This optimization shows a significant improvement in performance for a scenario where a view has multiple aggregate field but only few of them are selected:

create table t1 (

  group_id int,

  a int,

  b int,

  c int

);

insert into t1 select  seq/100000, seq+10, seq+20, seq+30 from seq_1_to_1000000;

create view v1 as

select

  group_id,

  sum(a) AS suma, sum(b) AS sumb, sum(c) AS sumc,

  max(a) AS maxa, max(b) AS maxb, max(c) AS maxc,

  avg(a) AS avga, avg(b) AS avgb, avg(c) AS avgc

from t1

group by group_id;

select group_id, suma from v1;

Average time of the SELECT execution for bb-11.1-mdev-27201 is 9.156 seconds for 1 million rows against 12.525 seconds for the mainstream 11.1.

Current limitations and possible TODOs.
1. The function does not disable aggregate functions splitting like this:
SELECT sum(a) + sum(b) AS sumab FROM ...
In this case sum(a) + sum(b) is calculated as two separate aggregate
functions sum(a) and sum(b).

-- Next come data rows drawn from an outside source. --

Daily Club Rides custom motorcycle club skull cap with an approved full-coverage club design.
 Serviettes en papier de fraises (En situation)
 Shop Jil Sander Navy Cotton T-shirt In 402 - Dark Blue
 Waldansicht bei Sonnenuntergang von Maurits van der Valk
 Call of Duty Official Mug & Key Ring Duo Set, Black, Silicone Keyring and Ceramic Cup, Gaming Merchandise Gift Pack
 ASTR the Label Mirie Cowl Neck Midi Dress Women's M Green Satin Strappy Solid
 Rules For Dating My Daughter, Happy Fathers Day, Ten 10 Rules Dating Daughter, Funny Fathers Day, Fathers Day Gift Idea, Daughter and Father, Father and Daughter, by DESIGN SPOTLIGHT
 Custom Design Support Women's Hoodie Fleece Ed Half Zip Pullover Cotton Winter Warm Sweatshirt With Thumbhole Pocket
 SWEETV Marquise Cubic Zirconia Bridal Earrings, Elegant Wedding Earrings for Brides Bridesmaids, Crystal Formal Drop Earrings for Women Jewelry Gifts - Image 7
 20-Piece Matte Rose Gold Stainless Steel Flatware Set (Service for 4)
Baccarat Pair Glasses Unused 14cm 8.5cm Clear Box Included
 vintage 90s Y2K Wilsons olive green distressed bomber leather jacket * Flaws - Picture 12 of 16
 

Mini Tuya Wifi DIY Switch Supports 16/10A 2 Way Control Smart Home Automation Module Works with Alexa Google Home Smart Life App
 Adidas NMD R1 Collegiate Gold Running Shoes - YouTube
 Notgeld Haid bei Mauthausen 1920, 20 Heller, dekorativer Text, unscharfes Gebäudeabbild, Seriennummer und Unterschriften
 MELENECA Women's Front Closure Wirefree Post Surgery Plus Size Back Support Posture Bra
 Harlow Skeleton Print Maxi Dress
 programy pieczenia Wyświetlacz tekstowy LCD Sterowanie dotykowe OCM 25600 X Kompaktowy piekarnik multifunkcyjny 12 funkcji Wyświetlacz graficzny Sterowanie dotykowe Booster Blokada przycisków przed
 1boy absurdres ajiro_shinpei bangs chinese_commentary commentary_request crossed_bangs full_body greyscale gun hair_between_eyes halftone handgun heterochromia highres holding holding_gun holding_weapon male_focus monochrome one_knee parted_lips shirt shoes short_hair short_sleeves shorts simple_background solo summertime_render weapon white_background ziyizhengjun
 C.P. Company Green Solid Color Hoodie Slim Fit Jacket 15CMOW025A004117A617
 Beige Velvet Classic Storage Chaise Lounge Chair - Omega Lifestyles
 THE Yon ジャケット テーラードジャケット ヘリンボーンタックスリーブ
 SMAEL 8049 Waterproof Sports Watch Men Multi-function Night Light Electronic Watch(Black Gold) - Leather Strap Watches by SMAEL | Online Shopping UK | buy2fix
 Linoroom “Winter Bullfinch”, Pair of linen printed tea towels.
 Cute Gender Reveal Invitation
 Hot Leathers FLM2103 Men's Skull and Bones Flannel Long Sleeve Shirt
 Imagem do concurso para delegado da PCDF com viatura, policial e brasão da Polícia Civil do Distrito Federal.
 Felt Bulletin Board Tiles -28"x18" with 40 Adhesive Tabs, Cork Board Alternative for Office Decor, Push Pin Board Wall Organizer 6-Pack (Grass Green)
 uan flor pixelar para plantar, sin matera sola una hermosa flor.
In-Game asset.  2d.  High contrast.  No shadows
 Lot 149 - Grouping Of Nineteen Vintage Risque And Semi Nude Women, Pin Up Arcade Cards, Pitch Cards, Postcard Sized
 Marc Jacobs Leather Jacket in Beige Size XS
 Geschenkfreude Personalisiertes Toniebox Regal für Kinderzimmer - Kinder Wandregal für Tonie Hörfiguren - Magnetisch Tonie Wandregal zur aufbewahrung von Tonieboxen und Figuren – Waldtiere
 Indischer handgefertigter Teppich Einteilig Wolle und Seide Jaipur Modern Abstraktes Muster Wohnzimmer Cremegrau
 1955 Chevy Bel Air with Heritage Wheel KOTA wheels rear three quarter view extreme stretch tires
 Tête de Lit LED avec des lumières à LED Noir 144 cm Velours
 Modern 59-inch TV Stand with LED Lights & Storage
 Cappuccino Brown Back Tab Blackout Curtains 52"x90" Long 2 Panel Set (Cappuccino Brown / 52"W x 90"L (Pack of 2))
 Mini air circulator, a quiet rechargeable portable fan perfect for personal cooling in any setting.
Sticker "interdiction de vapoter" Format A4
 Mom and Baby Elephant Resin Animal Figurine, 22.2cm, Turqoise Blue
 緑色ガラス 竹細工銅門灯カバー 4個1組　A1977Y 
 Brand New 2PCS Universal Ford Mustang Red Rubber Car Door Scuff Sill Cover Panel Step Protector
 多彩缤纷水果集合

They are not disabled even if the field
"sumab" is not used.
2. If any arithmetic and/or an additional calculation are applied to an
aggregate functionm, it will not be disabled. For example:
SELECT sum(a)+1 AS suma_1 FROM ...
3. Window aggregate functions are not processed.
4. References to previous fields like this:
SELECT sum(a) AS suma, suma+1 AS suma_1 FROM ...
are not processed. Currently they are not supported at all, but if
they are supported in the future, appropriate adjustments will need to
be made for this function. There is currently no check that sum(a) is used
for suma_1, so sum(a) may be erroneously disabled.
5. Derived table elimination is not affected, however that might be beneficial.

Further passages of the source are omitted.